• Question: Is it possible for one species of animal to splice their genetics with another animal to create a hybrid animal?

    Asked by pigeonandnibbler to Aime, Akshat, Diana, Gemma, Judith on 22 Jun 2011.
    • Photo: Judith McCann

      Judith McCann answered on 20 Jun 2011:


      I think it depends on how much genetic material you wan to get in there. It has been done previously, with infecting a tomato plant with a bacteria that contained the DNA from a fish, the aim was to give the tomato plant to ‘anti-freeze’ properties of the fish!

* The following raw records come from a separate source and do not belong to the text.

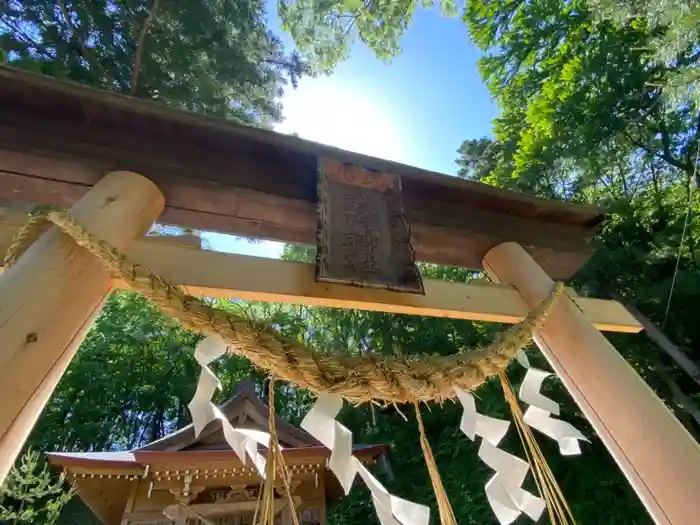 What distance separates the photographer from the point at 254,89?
5098 mm

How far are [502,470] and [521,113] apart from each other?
6.74 meters

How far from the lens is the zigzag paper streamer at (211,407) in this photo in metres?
0.81

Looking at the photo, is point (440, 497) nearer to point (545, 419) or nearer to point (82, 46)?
point (545, 419)

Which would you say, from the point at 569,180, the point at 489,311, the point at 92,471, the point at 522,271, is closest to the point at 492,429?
the point at 489,311

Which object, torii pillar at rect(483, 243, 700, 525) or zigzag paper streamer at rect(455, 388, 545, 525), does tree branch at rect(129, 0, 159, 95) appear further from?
zigzag paper streamer at rect(455, 388, 545, 525)

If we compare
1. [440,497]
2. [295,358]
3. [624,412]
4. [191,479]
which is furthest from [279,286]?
[191,479]

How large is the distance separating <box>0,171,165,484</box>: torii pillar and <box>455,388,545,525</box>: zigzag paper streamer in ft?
2.57

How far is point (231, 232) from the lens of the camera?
4.21 ft

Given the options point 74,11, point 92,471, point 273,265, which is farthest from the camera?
point 74,11

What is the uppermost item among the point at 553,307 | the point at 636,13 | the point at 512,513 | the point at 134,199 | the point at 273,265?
the point at 636,13

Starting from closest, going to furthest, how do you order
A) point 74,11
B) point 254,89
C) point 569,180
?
1. point 74,11
2. point 254,89
3. point 569,180

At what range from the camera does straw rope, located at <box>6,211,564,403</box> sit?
69cm

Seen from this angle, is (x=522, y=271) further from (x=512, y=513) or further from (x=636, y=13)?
(x=636, y=13)

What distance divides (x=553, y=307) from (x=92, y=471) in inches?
159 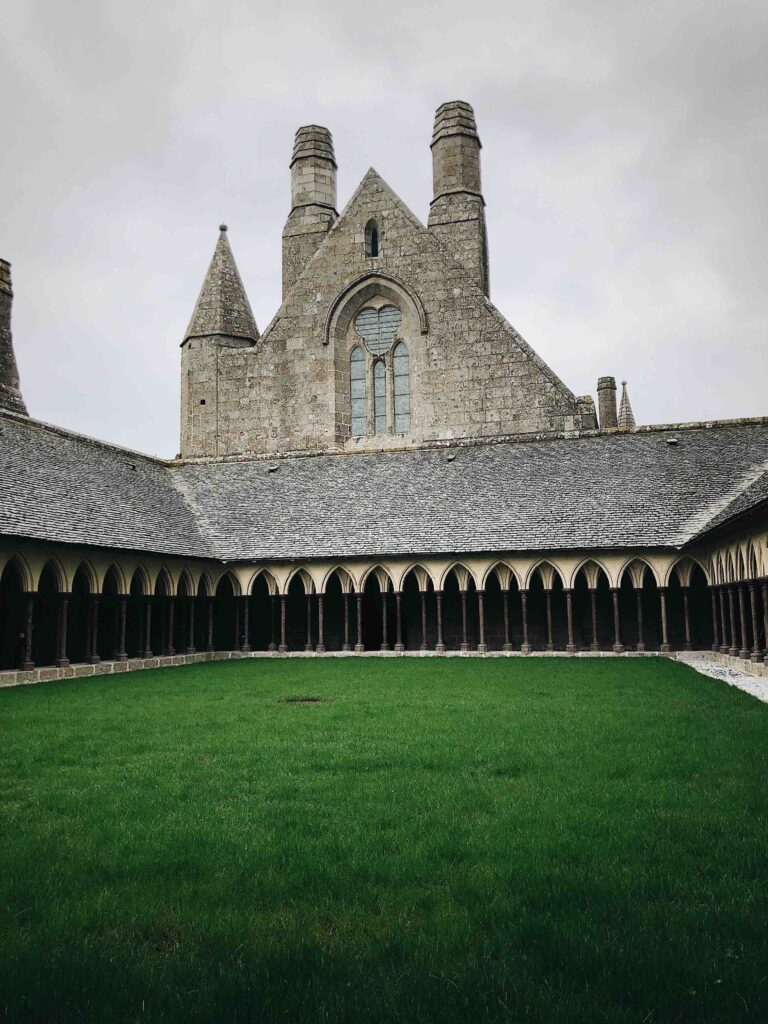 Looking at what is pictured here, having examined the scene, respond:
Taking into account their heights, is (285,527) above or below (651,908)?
above

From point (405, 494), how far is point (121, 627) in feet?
32.0

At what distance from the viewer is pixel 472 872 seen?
16.1 feet

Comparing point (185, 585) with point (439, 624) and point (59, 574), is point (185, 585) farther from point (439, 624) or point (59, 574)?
point (439, 624)

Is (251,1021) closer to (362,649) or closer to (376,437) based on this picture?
(362,649)

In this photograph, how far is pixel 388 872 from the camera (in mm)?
4957

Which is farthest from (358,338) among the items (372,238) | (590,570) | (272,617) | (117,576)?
(117,576)

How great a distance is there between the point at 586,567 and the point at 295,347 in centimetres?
1668

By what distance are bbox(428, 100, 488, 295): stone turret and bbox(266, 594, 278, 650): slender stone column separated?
51.8 ft

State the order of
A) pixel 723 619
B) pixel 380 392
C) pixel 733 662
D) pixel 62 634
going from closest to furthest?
pixel 733 662 → pixel 62 634 → pixel 723 619 → pixel 380 392

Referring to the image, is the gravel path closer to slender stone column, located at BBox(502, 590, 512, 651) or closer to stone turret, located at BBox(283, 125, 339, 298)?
slender stone column, located at BBox(502, 590, 512, 651)

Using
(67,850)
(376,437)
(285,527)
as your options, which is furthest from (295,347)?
(67,850)

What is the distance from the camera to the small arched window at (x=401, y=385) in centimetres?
3500

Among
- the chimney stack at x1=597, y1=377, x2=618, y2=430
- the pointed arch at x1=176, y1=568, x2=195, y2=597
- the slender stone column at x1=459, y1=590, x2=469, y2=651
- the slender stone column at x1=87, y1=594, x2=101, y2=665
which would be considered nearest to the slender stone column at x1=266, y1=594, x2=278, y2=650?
the pointed arch at x1=176, y1=568, x2=195, y2=597

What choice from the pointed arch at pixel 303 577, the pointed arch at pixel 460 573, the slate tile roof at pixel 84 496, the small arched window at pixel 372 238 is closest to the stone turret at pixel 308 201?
the small arched window at pixel 372 238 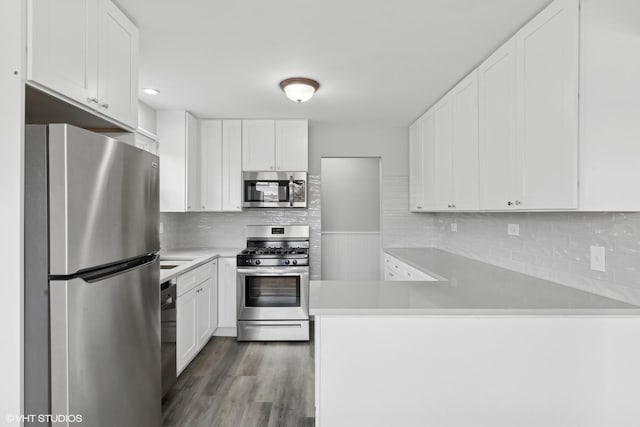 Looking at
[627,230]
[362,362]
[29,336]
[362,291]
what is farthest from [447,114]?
[29,336]

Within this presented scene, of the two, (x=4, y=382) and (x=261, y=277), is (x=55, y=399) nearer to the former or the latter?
(x=4, y=382)

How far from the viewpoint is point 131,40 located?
1850 mm

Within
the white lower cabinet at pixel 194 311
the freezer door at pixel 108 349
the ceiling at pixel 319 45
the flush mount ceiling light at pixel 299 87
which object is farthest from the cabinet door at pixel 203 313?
the flush mount ceiling light at pixel 299 87

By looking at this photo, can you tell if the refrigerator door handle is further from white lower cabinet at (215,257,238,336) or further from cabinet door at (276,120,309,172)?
cabinet door at (276,120,309,172)

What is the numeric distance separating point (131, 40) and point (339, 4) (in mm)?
1105

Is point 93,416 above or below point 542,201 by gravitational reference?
below

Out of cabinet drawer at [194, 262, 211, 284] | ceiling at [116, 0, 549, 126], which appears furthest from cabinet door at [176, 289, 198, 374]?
ceiling at [116, 0, 549, 126]

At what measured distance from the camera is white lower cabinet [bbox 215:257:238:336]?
3680mm

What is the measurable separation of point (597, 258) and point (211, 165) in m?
3.44

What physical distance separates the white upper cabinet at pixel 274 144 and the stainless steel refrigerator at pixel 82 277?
226cm

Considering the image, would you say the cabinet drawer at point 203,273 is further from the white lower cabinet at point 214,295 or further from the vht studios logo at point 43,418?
the vht studios logo at point 43,418

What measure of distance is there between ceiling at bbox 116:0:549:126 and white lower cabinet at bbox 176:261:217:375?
158cm

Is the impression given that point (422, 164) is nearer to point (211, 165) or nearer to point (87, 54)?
point (211, 165)

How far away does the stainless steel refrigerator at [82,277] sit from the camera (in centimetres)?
117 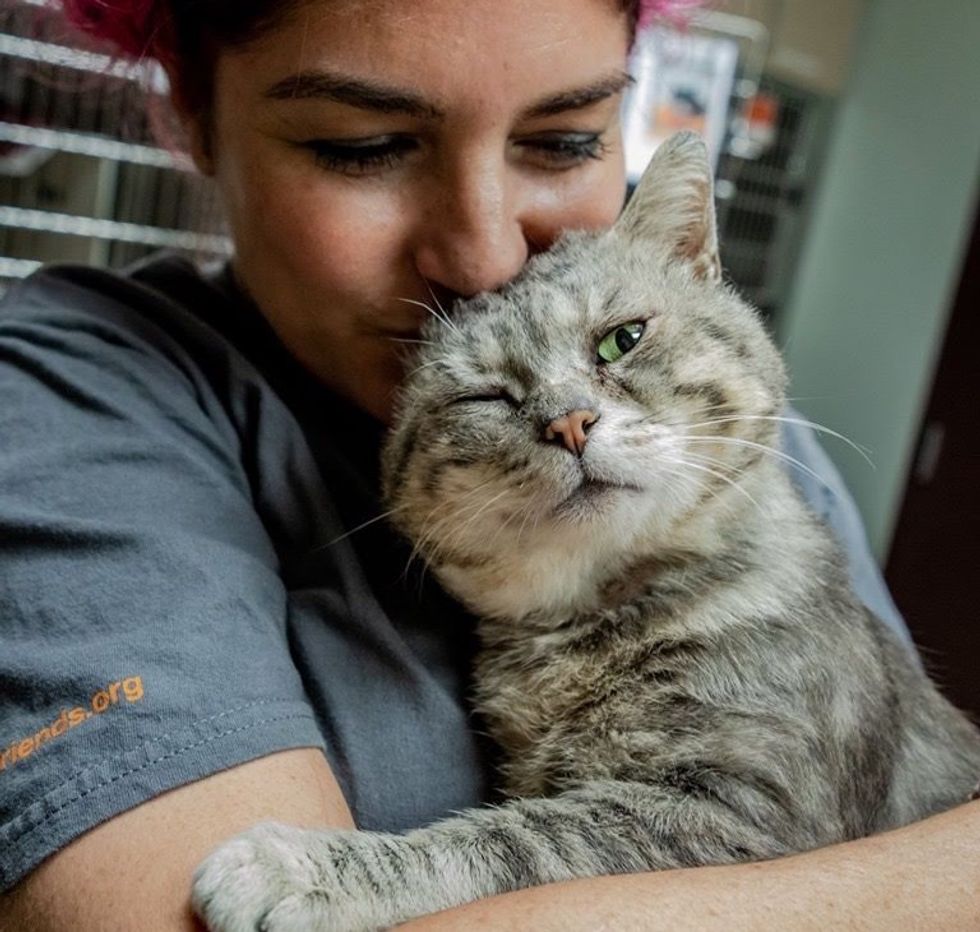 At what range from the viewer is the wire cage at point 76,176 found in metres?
1.90

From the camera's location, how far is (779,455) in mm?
1114

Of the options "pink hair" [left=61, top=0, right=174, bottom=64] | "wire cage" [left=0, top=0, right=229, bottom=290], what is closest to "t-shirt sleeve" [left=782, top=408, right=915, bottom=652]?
"pink hair" [left=61, top=0, right=174, bottom=64]

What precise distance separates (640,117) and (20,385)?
1895mm

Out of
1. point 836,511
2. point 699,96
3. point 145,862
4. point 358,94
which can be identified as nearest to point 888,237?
point 699,96

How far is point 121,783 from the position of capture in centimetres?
76

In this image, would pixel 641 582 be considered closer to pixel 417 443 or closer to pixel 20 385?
pixel 417 443

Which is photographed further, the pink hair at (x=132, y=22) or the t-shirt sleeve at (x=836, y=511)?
the t-shirt sleeve at (x=836, y=511)

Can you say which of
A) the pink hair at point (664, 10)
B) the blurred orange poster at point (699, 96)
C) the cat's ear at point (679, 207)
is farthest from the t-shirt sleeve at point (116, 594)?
the blurred orange poster at point (699, 96)

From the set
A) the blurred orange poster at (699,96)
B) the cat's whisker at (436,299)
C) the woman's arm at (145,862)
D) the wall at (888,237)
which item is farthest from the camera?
the wall at (888,237)

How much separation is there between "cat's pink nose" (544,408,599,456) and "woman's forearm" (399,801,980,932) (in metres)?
0.39

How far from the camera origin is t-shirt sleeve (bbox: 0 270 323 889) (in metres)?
0.77

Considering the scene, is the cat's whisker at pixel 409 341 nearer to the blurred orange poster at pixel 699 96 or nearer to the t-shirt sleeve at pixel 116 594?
the t-shirt sleeve at pixel 116 594

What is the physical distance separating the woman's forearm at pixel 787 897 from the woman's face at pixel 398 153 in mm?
595

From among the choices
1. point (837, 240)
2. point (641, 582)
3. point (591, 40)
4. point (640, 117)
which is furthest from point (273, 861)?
point (837, 240) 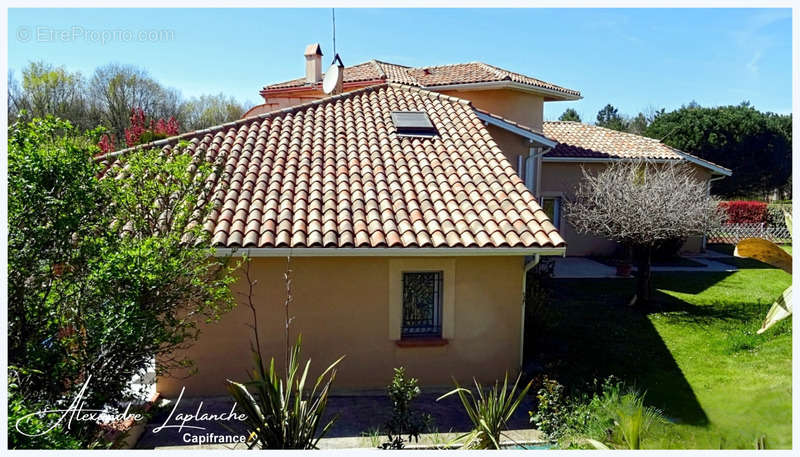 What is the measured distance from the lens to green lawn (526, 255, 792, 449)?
11.6ft

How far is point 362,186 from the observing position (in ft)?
32.5

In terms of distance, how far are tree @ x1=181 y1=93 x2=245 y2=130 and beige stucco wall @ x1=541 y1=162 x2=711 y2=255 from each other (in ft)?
112

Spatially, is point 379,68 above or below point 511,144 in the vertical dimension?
above

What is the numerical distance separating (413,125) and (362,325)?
17.7 ft

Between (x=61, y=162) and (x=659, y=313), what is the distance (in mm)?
14020

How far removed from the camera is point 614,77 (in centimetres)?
1531

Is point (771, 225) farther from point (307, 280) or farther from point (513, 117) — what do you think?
point (307, 280)

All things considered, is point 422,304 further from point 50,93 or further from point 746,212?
point 50,93

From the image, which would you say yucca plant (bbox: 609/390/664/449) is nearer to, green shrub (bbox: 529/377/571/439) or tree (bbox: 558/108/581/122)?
green shrub (bbox: 529/377/571/439)

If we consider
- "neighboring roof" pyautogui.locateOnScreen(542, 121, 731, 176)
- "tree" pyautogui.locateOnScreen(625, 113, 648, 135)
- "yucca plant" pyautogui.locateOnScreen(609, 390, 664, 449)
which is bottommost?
"yucca plant" pyautogui.locateOnScreen(609, 390, 664, 449)

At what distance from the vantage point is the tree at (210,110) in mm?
47266

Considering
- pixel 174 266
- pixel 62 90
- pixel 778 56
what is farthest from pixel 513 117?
pixel 62 90

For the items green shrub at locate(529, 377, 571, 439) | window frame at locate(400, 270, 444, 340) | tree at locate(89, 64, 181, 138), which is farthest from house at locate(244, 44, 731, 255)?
tree at locate(89, 64, 181, 138)

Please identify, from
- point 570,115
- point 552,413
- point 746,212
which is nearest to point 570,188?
point 746,212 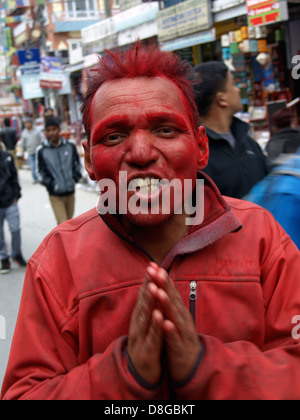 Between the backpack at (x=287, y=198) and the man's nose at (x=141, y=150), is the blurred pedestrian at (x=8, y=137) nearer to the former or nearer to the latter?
the backpack at (x=287, y=198)

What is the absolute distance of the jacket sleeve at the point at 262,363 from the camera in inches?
43.7

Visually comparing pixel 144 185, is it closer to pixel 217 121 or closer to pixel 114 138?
pixel 114 138

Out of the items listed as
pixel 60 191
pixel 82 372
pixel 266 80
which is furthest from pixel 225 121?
pixel 266 80

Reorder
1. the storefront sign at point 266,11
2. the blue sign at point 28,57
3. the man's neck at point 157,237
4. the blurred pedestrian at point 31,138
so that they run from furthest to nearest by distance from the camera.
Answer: the blue sign at point 28,57
the blurred pedestrian at point 31,138
the storefront sign at point 266,11
the man's neck at point 157,237

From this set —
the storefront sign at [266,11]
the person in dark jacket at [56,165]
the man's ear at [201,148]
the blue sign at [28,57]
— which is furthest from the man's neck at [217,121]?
the blue sign at [28,57]

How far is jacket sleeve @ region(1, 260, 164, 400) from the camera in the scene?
113 centimetres

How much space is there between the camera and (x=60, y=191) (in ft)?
21.9

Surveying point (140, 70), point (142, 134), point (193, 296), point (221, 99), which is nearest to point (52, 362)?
point (193, 296)

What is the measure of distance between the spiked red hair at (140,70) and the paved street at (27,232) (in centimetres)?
305

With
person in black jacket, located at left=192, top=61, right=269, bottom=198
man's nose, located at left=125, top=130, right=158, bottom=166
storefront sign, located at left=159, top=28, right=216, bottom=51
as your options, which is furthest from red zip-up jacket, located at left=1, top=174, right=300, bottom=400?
storefront sign, located at left=159, top=28, right=216, bottom=51

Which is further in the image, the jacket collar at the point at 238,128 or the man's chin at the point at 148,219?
the jacket collar at the point at 238,128

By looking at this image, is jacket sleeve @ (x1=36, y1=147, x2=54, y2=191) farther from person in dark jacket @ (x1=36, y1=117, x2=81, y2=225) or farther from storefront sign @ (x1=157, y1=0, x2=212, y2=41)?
storefront sign @ (x1=157, y1=0, x2=212, y2=41)

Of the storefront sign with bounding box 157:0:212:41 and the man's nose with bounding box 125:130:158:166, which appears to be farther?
the storefront sign with bounding box 157:0:212:41

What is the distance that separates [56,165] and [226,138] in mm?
3909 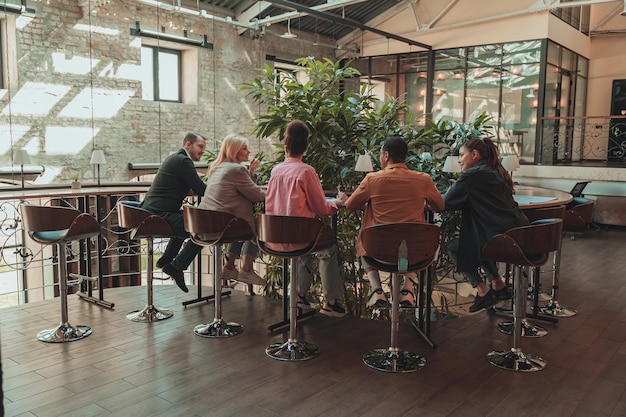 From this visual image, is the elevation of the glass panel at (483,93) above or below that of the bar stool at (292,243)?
above

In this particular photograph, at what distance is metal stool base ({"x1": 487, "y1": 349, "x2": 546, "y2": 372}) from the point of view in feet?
11.5

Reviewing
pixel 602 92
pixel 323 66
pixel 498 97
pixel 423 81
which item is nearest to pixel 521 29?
pixel 498 97

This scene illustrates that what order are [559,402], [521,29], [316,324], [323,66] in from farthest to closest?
[521,29], [323,66], [316,324], [559,402]

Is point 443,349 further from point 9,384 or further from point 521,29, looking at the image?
point 521,29

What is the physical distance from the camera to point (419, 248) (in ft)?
10.9

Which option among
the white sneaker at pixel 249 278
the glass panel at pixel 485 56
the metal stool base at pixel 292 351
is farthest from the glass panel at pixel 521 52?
the metal stool base at pixel 292 351

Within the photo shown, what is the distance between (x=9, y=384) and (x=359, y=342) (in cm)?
235

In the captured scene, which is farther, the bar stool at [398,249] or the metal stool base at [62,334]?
the metal stool base at [62,334]

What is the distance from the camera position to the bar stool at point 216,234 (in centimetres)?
397

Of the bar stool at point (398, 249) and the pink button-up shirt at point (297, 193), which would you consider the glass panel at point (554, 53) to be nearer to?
the pink button-up shirt at point (297, 193)

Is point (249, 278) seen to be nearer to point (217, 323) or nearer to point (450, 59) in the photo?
point (217, 323)

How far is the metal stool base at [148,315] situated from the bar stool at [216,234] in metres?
0.46

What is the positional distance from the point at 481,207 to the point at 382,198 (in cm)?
72

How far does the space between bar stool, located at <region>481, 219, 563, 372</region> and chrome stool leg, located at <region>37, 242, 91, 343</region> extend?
308 cm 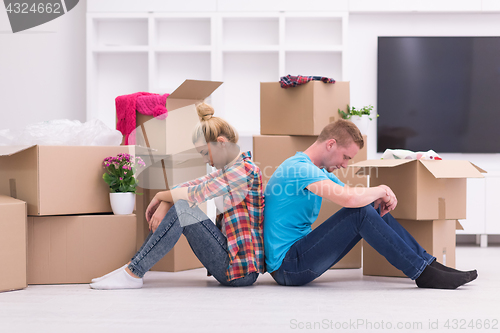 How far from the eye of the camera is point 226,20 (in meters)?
3.55

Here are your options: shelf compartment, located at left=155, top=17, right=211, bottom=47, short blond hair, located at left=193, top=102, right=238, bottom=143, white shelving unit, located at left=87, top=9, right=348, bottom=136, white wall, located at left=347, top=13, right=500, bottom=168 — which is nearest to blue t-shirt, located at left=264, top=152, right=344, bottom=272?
short blond hair, located at left=193, top=102, right=238, bottom=143

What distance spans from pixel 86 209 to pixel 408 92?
8.01ft

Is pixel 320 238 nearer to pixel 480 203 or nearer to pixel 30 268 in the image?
pixel 30 268

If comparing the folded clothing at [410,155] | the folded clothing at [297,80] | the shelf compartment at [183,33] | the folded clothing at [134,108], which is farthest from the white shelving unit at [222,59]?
the folded clothing at [410,155]

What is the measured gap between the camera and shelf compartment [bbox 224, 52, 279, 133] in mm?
3596

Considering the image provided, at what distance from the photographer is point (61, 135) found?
2016mm

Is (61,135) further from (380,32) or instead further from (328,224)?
(380,32)

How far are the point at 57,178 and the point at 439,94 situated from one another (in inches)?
105

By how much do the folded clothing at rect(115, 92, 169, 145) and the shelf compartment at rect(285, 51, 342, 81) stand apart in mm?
1435

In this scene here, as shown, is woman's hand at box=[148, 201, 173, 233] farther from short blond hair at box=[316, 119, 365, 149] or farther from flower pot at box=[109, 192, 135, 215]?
short blond hair at box=[316, 119, 365, 149]

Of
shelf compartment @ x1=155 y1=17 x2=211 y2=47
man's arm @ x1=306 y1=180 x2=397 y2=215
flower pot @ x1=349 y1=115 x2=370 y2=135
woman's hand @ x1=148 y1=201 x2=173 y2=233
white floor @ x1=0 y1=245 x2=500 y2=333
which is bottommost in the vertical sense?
white floor @ x1=0 y1=245 x2=500 y2=333

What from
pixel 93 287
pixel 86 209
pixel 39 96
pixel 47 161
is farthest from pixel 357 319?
pixel 39 96

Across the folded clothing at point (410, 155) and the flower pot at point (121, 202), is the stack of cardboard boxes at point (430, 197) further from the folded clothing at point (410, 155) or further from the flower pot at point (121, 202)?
the flower pot at point (121, 202)

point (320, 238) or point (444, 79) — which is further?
point (444, 79) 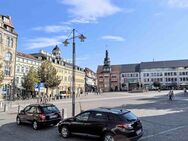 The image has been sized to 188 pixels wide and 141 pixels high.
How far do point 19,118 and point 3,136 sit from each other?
4126 millimetres

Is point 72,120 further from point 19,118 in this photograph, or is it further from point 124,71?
point 124,71

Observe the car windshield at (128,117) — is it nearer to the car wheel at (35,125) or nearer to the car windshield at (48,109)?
the car windshield at (48,109)

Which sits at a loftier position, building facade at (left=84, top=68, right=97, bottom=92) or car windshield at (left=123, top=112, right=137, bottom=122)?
building facade at (left=84, top=68, right=97, bottom=92)

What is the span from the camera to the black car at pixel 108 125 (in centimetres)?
1112

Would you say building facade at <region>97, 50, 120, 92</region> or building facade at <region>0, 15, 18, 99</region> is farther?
building facade at <region>97, 50, 120, 92</region>

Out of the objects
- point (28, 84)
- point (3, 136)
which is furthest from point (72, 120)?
point (28, 84)

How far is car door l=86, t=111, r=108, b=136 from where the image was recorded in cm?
1175

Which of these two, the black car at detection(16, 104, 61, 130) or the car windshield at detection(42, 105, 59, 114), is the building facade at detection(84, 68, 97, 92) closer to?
the black car at detection(16, 104, 61, 130)

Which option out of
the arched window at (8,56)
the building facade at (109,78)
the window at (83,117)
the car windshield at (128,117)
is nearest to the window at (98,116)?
the window at (83,117)

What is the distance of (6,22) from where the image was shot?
5853 centimetres

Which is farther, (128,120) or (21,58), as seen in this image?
(21,58)

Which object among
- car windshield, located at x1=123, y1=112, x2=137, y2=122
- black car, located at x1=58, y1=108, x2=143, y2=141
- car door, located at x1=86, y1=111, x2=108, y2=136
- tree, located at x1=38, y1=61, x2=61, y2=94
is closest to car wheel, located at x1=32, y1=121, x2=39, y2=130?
black car, located at x1=58, y1=108, x2=143, y2=141

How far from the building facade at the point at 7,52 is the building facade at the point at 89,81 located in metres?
77.1

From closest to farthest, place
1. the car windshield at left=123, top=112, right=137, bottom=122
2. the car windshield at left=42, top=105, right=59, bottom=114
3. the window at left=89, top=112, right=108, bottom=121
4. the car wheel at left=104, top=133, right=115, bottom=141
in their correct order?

      This was in plants though and generally speaking there is fr more of an arguement over whether animals SHOULD be genetically engineering- thinking that the spliced DNA would increase the chances of cell mutations and cancers etc. Farmers have been doing a forma of genetic engineering for years, selective breeding, where the strongest bull is mated to the healthiest sheep, it is a kind of improving the chances of good animals by breeding only animals with desirable traits

      as for pigeon-salmon and flying snails, you may have to wait a bit longer!!

    • Photo: Akshat Rathi

      Akshat Rathi answered on 22 Jun 2011:


      Thanks for the answer Judith.

    • Photo: Gemma Sharp

      Gemma Sharp answered on 22 Jun 2011:


      When I started my biology degree I focussed on genetics (that quickly changed when I realised genetics was quite hard and zoology was a lot easier and lectures involved more pictures of cute animals and dinosaurs), and whenever people asked me what I wanted to get out of a degree in genetics I used to say I wanted to make a rat-monkey hybrid. It quickly became apparent that that wasn’t going to be possible. There are too many problems – different number of chromosomes means the species are incompatible, which species supports the rat-monkey during pregnancy, will a monkey mother’s body reject rat DNA rather than let it grow inside her, etc.

      I would say it’s a shame, but it’s probably not is it? Imagine if we had rat monkeys running round our cities. They’d probably be bigger than rats, and way more creepy.